Pipelining is useful when a procedure can be divided into stages. Instruction processing fits into that category. The job of retrieving an instruction from memory, figuring out what it does, and doing it are separate steps we usually lump together when we talk about executing an instruction. The number of steps varies, depending on whose processor you are using, but for illustration, let’s say there are five:
- Instruction fetch: The processor fetches an instruction from memory.
- Instruction decode: The instruction is recognized or decoded.
- Operand Fetch: The processor fetches the operands the instruction needs. These operands may be in registers or in memory.

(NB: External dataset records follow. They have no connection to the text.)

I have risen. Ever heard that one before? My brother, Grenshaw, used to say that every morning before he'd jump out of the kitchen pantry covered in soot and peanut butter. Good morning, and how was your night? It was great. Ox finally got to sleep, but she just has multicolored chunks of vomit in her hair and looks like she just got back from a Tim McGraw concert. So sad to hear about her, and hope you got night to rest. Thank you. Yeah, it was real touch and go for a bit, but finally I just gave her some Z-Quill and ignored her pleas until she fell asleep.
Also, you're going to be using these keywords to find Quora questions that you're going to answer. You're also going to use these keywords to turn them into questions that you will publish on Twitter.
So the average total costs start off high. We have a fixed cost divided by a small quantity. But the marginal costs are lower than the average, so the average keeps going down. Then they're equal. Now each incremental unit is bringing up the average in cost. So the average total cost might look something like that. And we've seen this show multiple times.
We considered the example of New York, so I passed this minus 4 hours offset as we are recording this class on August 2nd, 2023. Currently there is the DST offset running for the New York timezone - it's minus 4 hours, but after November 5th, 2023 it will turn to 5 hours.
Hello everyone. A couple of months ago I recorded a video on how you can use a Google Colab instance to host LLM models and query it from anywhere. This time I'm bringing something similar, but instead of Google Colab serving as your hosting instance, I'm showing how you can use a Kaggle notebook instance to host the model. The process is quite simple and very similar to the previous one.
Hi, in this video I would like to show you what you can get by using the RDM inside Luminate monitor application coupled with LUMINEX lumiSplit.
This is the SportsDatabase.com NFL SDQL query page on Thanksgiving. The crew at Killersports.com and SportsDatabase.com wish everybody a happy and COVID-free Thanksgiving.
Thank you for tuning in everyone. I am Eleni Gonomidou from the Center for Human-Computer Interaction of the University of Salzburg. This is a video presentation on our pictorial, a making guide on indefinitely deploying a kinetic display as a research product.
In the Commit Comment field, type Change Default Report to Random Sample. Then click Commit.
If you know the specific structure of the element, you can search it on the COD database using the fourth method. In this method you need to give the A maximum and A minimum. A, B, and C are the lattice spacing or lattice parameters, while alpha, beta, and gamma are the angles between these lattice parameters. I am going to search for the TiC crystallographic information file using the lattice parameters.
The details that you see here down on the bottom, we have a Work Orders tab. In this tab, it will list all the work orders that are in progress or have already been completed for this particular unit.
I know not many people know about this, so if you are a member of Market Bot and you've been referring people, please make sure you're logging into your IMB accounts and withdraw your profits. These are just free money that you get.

- Execute: The instruction gets executed.
- Writeback: The processor writes the results back to wherever they are supposed to go —possibly registers, possibly memory.
- Will be entering the operand fetch stage as instruction
- enters instruction decode stage and instruction
- starts instruction fetch, and so on.
Our pipeline is five stages deep, so it should be possible to get five instructions in flight all at once. If we could keep it up, we would see one instruction complete per clock cycle.
Simple as this illustration seems, instruction pipelining is complicated in real life. Each step must be able to occur on different instructions simultaneously, and delays in any stage have to be coordinated with all those that follow. In [Figure 2] we see three instructions being executed simultaneously by the processor, with each instruction in a different stage of execution.
For instance, if a complicated memory access occurs in stage three, the instruction needs to be delayed before going on to stage four because it takes some time to calculate the operand’s address and retrieve it from memory. All the while, the rest of the pipeline is stalled. A simpler instruction, sitting in one of the earlier stages, can’t continue until the traffic ahead clears up.
Now imagine how a jump to a new program address, perhaps caused by an if statement, could disrupt the pipeline flow. The processor doesn’t know an instruction is a branch until the decode stage. It usually doesn’t know whether a branch will be taken or not until the execute stage. As shown in [Figure 3], during the four cycles after the branch instruction was fetched, the processor blindly fetches instructions sequentially and starts these instructions through the pipeline.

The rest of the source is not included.